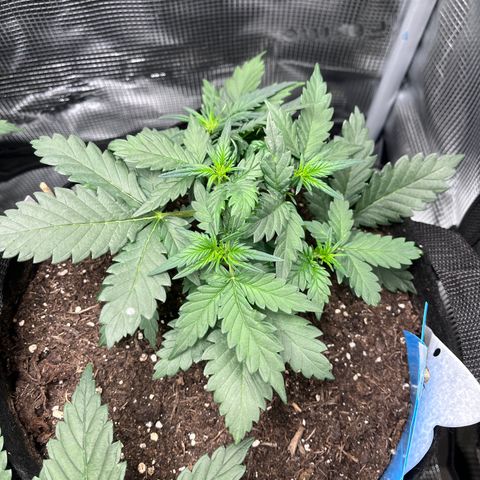 „Silver“ Shiva growlog timeline photo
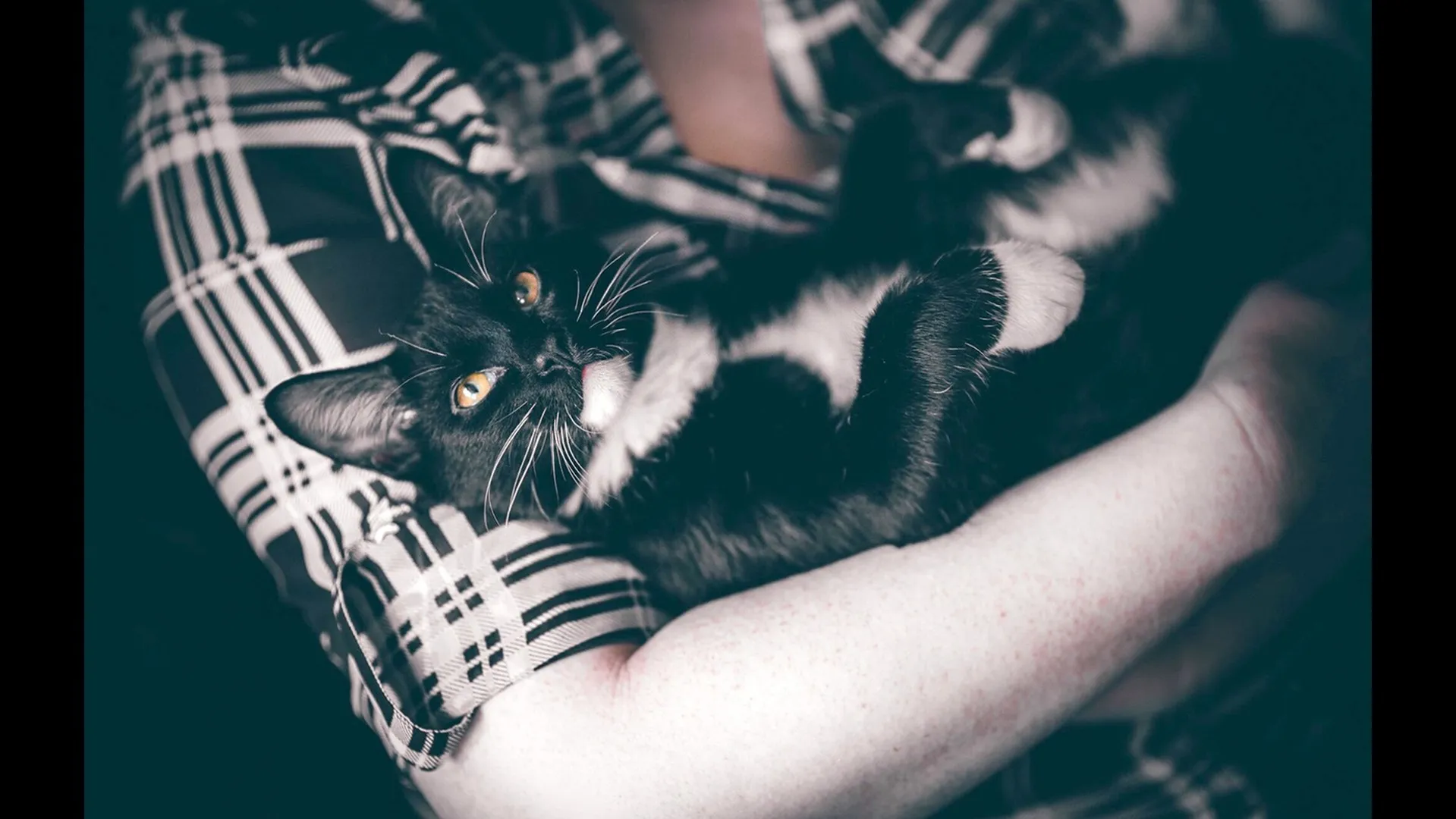 Cat in arms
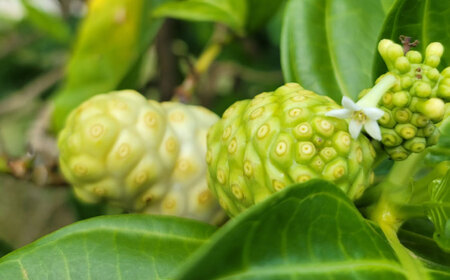 ノニジュース 沖縄県産ノニ100％使用『神寿 SHINJU』720ml×6本  BCBB004 ジュース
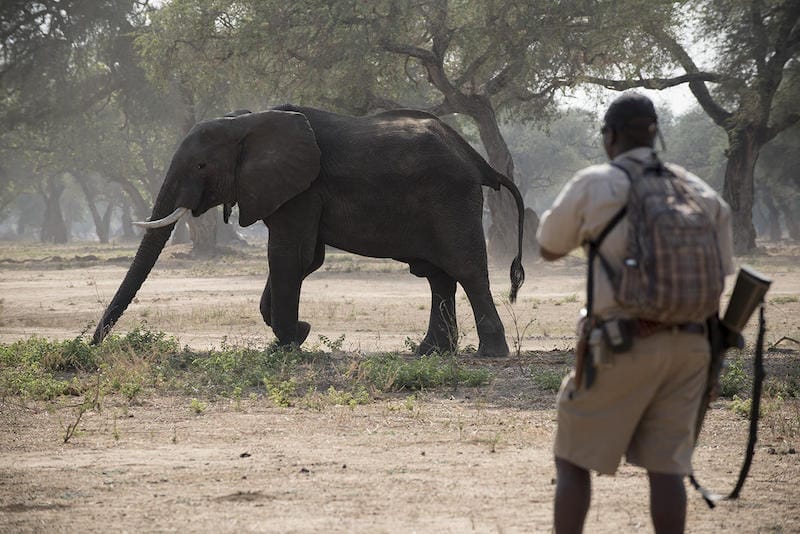 Zimbabwe_Zambezi_Expeditions_walking3_800x534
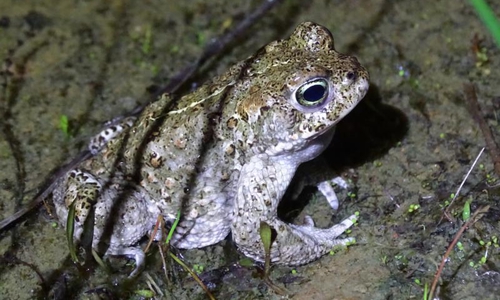 Die Kreuzkröte vergräbt sich gerne im sandigen Boden der Gewässer. Im Landkreis Wolfenbüttel findet die Kreuzkröte nur in den Herzogsbergen einen Platz zum Leben. 
Foto: Manfred Wenst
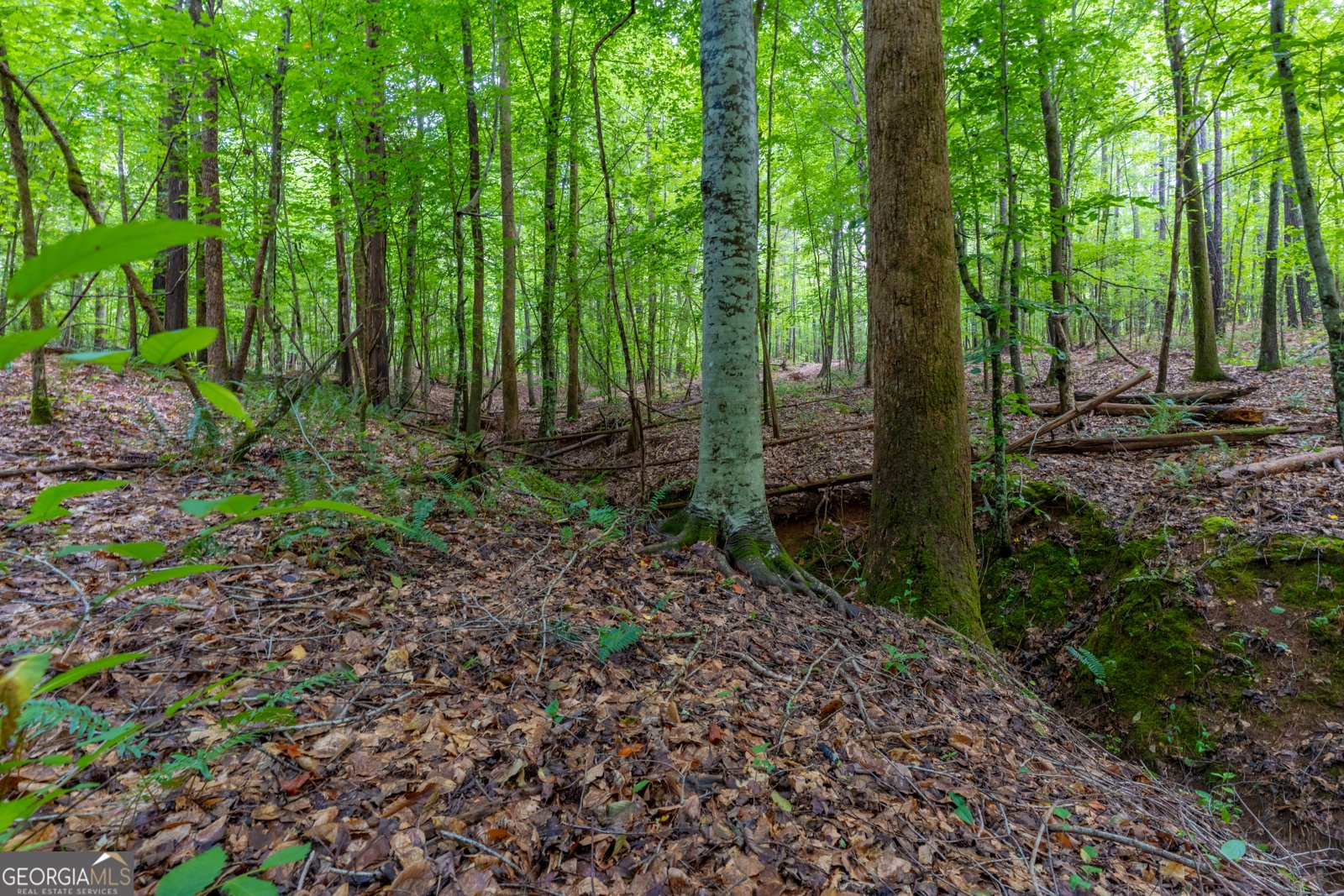 54 Davis Carter Road Monticello - Photo 55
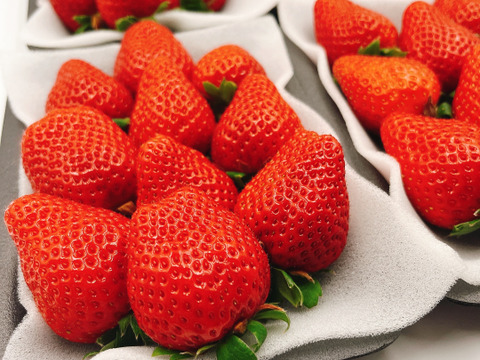 【旬割-500円】【さちのか】4P!山の斜面で十分な日光を浴びたビタミンCたっぷり苺！1kg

■ ■ ■ ■ ■

TASK PROMPT |
The response should hold only an exact retyping of the lines from the beginning of the data through the line containing "Zimbabwe_Zambezi_Expeditions_walking3_800x534", both ends kept, pictures omitted.

TASK OUTPUT |
 „Silver“ Shiva growlog timeline photo
 Cat in arms
 ノニジュース 沖縄県産ノニ100％使用『神寿 SHINJU』720ml×6本  BCBB004 ジュース
 Zimbabwe_Zambezi_Expeditions_walking3_800x534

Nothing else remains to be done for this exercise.